Warren Buffet Returns of the fund and Index Fund

The Warren Buffett bet with Hedge Fund Manager

In Berkshire’s letter of2016 on Page 21, Warren Buffet talked about “The Bet” (or how your money finds its way to Wall Street). 

In Berkshire’s 2005 annual report, I argued that active investment management by professionals – in aggregate – would over a period of years underperform the returns achieved by rank amateurs who simply sat still.

Buffett’s contention was that an S&P 500 index fund would outperform a hand-picked portfolio of hedge funds over 10 years, due to fees, costs, and expenses, So basically The bet pit two basic investing philosophies against each other: passive and active investing.

Ted Seides co-manager of Protégé Partners, an asset manager that had raised money from limited partners to form a fund-of-funds, stepped up to challenge.

The bet officially commenced on January 1st, 2008.  The names of the funds were not disclosed.

The prize money was invested in zero-coupon Treasury bonds(the sides initially put $640,000 (split evenly)) that were structured to rise to $1 million over 10 years. But the financial crisis saw interest rates plunge and sent the bonds up to nearly $1 million in 2012.  By mutual agreement, the bettors sold the bonds and bought (actively managed) Berkshire B-shares, which were worth $1.4 million as of mid-February 2015.

The Protégé co-founder, who left in the fund in 2015, conceded defeat ahead of the contest’s scheduled wrap-up on December 31, 2017, writing, “for all intents and purposes, the game is over. I lost.”

As decided in the original bet, the money went to charity. Buffett’s charity pick was Girls Inc., an organization that supports young girls in Omaha through after-school and summer programs.

Warren Buffet even went ahead to say that If a statue is ever erected to honor the person who has done the most for American investors, the handsdown choice should be Jack Bogle. For decades, Jack has urged investors to invest in ultra-low-cost index funds.

Many feel that, If the period running from the beginning of 2008 through 2017 had seen a second swoon, Protégé’s co-founder might be writing sassy declarations of victory rather than what about it. While this battle has been won, the active-passive war will rage on.

Excerpts from Warren Buffett’s 2016 Berkshires letter are given below.

In this section, you will encounter, early on, the story of an investment bet I made nine years ago and, next, some strong opinions I have about investing

In Berkshire’s 2005 annual report, I argued that active investment management by professionals – in aggregate – would over a period of years underperform the returns achieved by rank amateurs who simply sat still. I explained that the massive fees levied by a variety of “helpers” would leave their clients – again in aggregate – worse off than if the amateurs simply invested in an unmanaged low-cost index fund.

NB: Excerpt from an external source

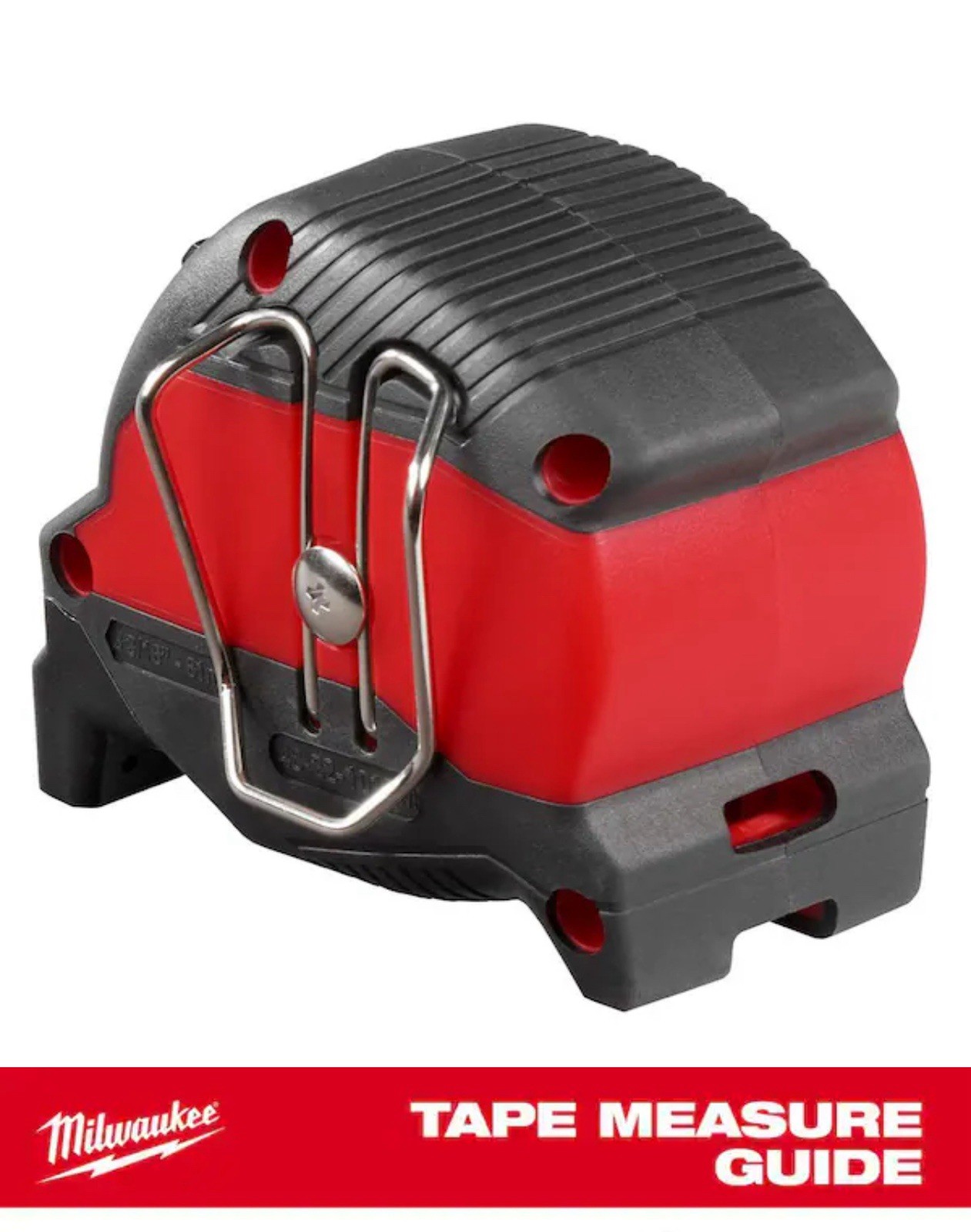 Milwaukee Tool 48-22-1016M 16Ft Wide Blade Magnetic Tape Measure (2 each)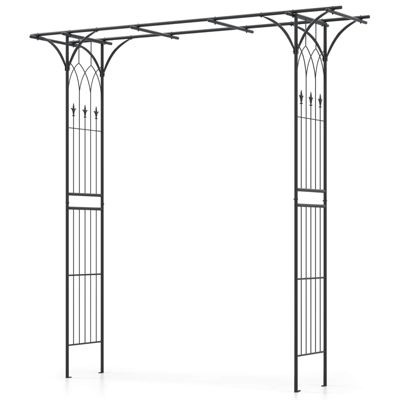 Пергола Costway Garden Wedding Rose Arch для сада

Subsequently, I publicly offered to wager $500,000 that no investment pro could select a set of at least five hedge funds – wildly-popular and high-fee investing vehicles – that would over an extended period match the performance of an unmanaged S&P-500 index fund charging only token fees. I suggested a ten-year bet and named a low-cost Vanguard S&P fund as my contender. I then sat back and waited expectantly for a parade of fund managers – who could include their own fund as one of the five – to come forth and defend their occupation. After all, these managers urged others to bet billions on their abilities. Why should they fear putting a little of their own money on the line?

What followed was the sound of silence. Though there are thousands of professional investment managers who have amassed staggering fortunes by touting their stock-selecting prowess, only one man – Ted Seides – stepped up to my challenge. Ted was a co-manager of Protégé Partners, an asset manager that had raised money from limited partners to form a fund-of-funds – in other words, a fund that invests in multiple hedge fund

For Protégé Partners’ side of our ten-year bet, Ted picked five funds-of-funds whose results were to be averaged and compared against my Vanguard S&P index fund. The five he selected had invested their money in more than 100 hedge funds, which meant that the overall performance of the funds-of-funds would not be distorted by the good or poor results of a single manager. Each fund-of-funds, of course, operated with a layer of fees that sat above the fees charged by the hedge funds in which it had invested. In this doubling-up arrangement, the larger fees were levied by the underlying

The hedge funds; each of the fund-of-funds imposed an additional fee for its presumed skills in selecting hedge-fund managers. Here are the results for the first nine years of the bet – figures leaving no doubt that Girls Inc. of Omaha, the charitable beneficiary I designated to get any bet winnings I earned, will be the organization eagerly opening the mail next January.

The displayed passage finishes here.